INSTRUCTOR: Calculate D sub u of f of x comma y comma z and D sub u of f of 0 comma negative 2 comma 5 in the direction of the vector v equal to negative 3i plus 12j minus 4k for the function f of x comma y comma z equal to 3x squared plus xy minus 2y squared plus 4yz minus z squared plus 2xz. To begin, we want the direction of the vector v. So let's first go ahead and find its magnitudes. The magnitude of vector v is equal to the square root of parentheses negative 3 close parentheses squared plus 12 squared plus open parentheses negative 4 close parentheses squared. And it's going to be the square root of 169, which is equal to 13, and we need a unit vector in that same direction. So the vector v divided by the magnitude of vector v will give us a unit vector and that will be equal to negative 3 over 13i plus 12 over 13j minus 4 over 13k.

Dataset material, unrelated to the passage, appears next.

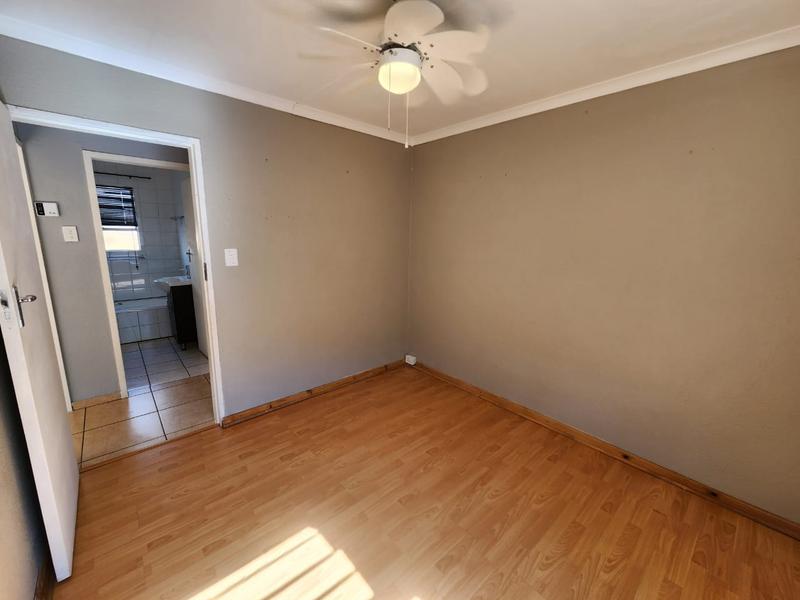 To Let 2 Bedroom Property for Rent in Roodekrans Gauteng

This is a unit vector in the same direction as v and it also gives us some other information. So we can say that cosine alpha is equal to negative 3 13ths from the i component cosine of beta is equal to 12 13ths from the j component and cosine gamma equals negative 4 13ths from the k component. Now, D sub u of f of x comma y comma z by definition is f sub x multiplied by cosine alpha plus f sub y multiply by cosine of beta plus f sub z multiply by cosine of gamma. So we're going to go ahead and take our partial. In fact, I'll just write these over here.

So F sub x is equal to 6x plus y plus 2z. fy is equal to x minus 4y plus 4z. And F sub z is equal to 4y minus 2z plus 2x. So putting this together, D sub u of f of x comma y comma z is equal to negative 3 over 13 open parentheses 6x plus y plus 2z plus 12 over 13 open parenthesis x minus 4y plus 4z close parentheses minus 4 over 13 open parentheses 4y minus 2z plus 2x close parentheses. And we could potentially combine like terms and things.

But all I really care about at the moment is finding D sub u for this function and evaluating it at the point 0 comma negative 2 comma 5. So D sub u of f of 0 comma negative 2 comma 5. Evaluating that at all the values we know, that is 384 over 13.

And I think it's worth noting here actually that there is a notational error in what I have because we're finding D sub u, that would be the direction of derivative in the direction of u, but my vector is actually vector v. So I probably should go back and fix that. I'm going to leave it up to you to understand the difference that we adapt our statements to the vectors that we actually have the names of those vectors. Might even just be easier to say vector v and rename it as you.